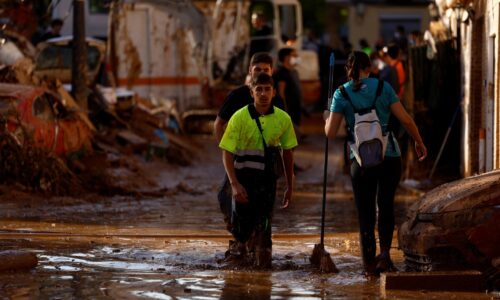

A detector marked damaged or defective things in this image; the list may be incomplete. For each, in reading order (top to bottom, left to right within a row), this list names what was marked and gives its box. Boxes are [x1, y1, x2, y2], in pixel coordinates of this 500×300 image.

wrecked car [0, 83, 92, 156]
wrecked car [398, 171, 500, 286]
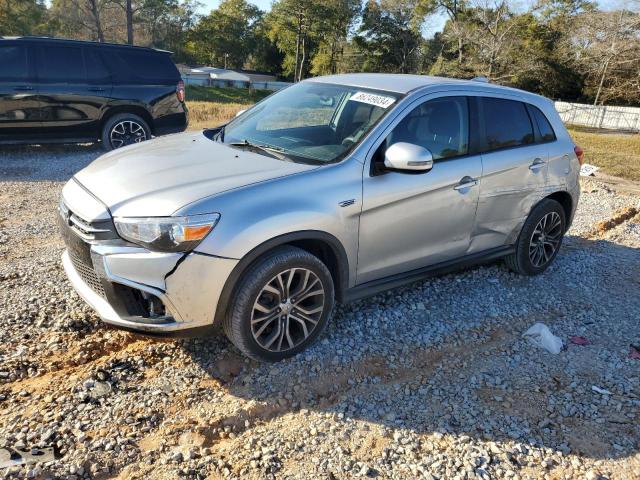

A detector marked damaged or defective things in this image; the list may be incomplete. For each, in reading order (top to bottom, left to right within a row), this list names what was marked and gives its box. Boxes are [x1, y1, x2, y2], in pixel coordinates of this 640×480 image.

damaged silver suv [58, 74, 580, 360]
##########
= WHAT NEEDS TO BE DONE =
Print out each record exactly as shown, but keep the pictures out.

= YOUR SOLUTION =
A detector marked damaged or defective things in this image; the list may be incomplete. For each, in reading order (top to bottom, left to right within a row), this list names what was marked and gives its box. Boxes are [x1, y1, x2, y2], in pixel coordinates of this 500×300 image.

wrecked car [0, 83, 92, 156]
wrecked car [398, 171, 500, 286]

A detector marked damaged or defective things in this image; the list may be incomplete. For each, in reading order (top to bottom, left to right within a row), this list names what was marked and gives its box. Boxes are [x1, y1, x2, y2], in pixel coordinates of this 640×480 image.

damaged silver suv [58, 74, 580, 360]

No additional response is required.